**Problem requirements**
Beneath this line sits some data. Return only its lines from the one holding "So let's write" through the one holding "If you don't", inclusive, exactly, with the images removed.

**Exercise data**
======

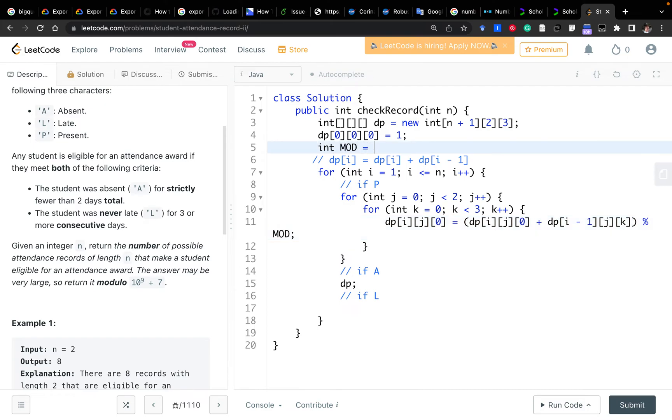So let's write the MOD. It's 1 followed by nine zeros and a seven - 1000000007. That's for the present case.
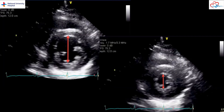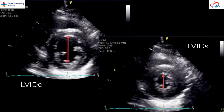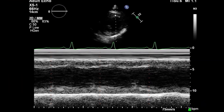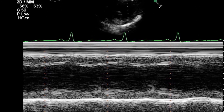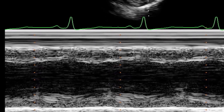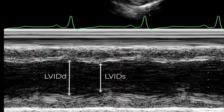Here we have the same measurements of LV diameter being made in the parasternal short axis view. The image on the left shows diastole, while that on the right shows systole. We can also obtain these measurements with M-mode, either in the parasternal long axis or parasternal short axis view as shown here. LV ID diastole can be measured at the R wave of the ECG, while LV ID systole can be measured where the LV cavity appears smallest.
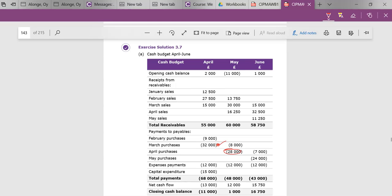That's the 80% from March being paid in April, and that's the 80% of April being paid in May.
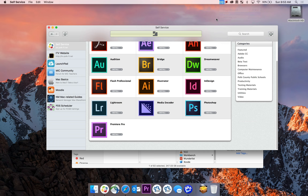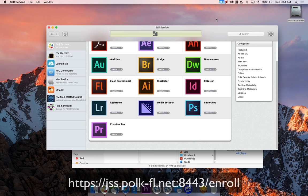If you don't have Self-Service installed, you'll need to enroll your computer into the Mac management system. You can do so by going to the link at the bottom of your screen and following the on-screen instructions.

======

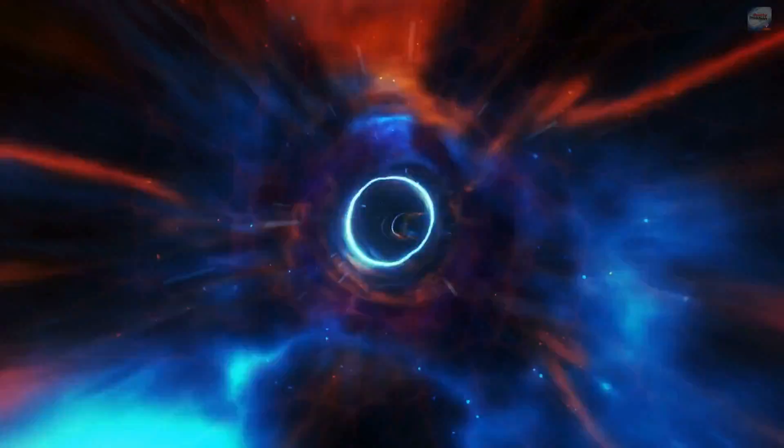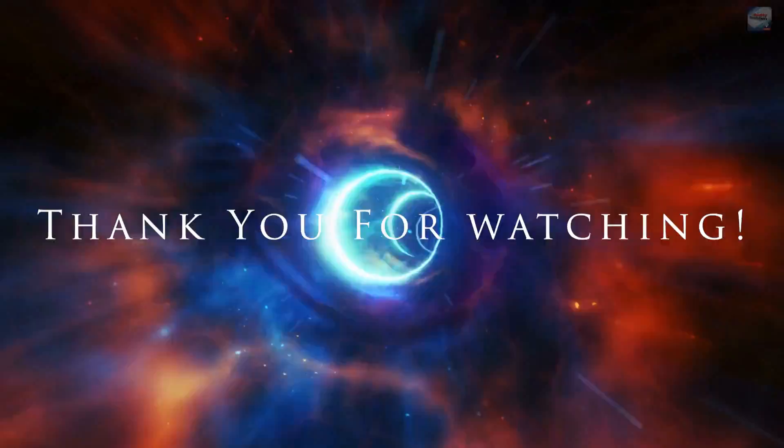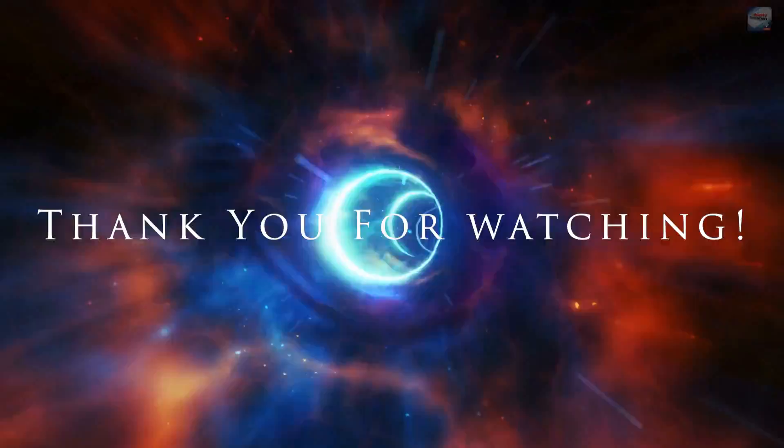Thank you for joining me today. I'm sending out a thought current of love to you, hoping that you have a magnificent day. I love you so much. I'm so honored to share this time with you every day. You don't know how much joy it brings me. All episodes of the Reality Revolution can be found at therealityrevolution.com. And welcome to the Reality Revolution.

======

**Written solution**
So let's write the MOD. It's 1 followed by nine zeros and a seven - 1000000007. That's for the present case.
Here we have the same measurements of LV diameter being made in the parasternal short axis view. The image on the left shows diastole, while that on the right shows systole. We can also obtain these measurements with M-mode, either in the parasternal long axis or parasternal short axis view as shown here. LV ID diastole can be measured at the R wave of the ECG, while LV ID systole can be measured where the LV cavity appears smallest.
That's the 80% from March being paid in April, and that's the 80% of April being paid in May.
If you don't have Self-Service installed, you'll need to enroll your computer into the Mac management system. You can do so by going to the link at the bottom of your screen and following the on-screen instructions.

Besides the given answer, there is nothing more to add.